Plan Ahead for Traffic Increases

We dramatically underestimated the amount of traffic that the airdrop would create. This was a planning failure, and could have been avoided had we incorporated the following:

  • Perform load tests regularly. Load tests let us find performance bugs that only happen when the system is under stress. They also give us a baseline upon which we can calculate our future capacity needs. Had we performed a load test prior to launch we could have caught the Redis issues we saw in our edge proxy, the multiple-RPCs-per-request problem in the claims backend, and had a much more rigorous idea of how much traffic we could handle.
  • Over-provision - it’s cheaper than going down.
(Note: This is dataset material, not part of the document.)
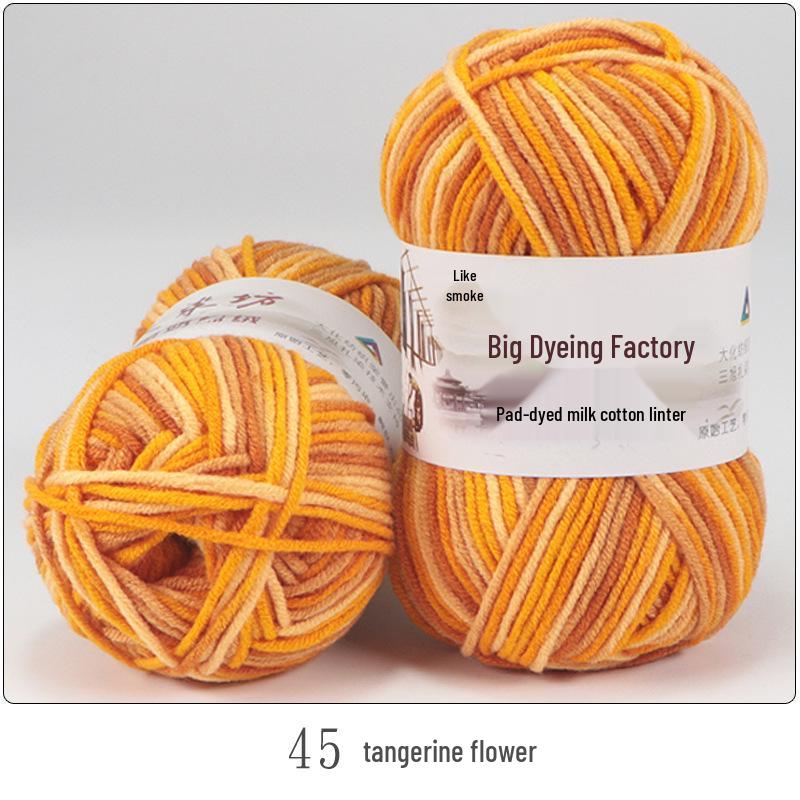5-Ply Medium-Thick Milk Cotton Yarn for Scarves, Blankets & Knitting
We didn’t provision any more infrastructure to support launch because we thought we were already over provisioned by 4x. This was the wrong call. It’s much cheaper to over-provision then scale down than it is to under-provision and have to scale up under load.
  • Give partners a ton of warning. We should make sure that our infrastructure providers and partners have at least 48 hours notice to provision additional infrastructure. We didn’t ask partners to provision new capacity before the launch itself. It takes 26 hours to spin up a new node, which creates a hard cap on new capacity beyond a certain point. No provider could increase capacity by 10x such no warning.
  • Prioritize concurrent batch submission. We will continue to fall behind on batch submission during periods of high throughput until we implement the concurrent batch submitter. We should do this sooner rather than later, since this problem does not go away with Bedrock.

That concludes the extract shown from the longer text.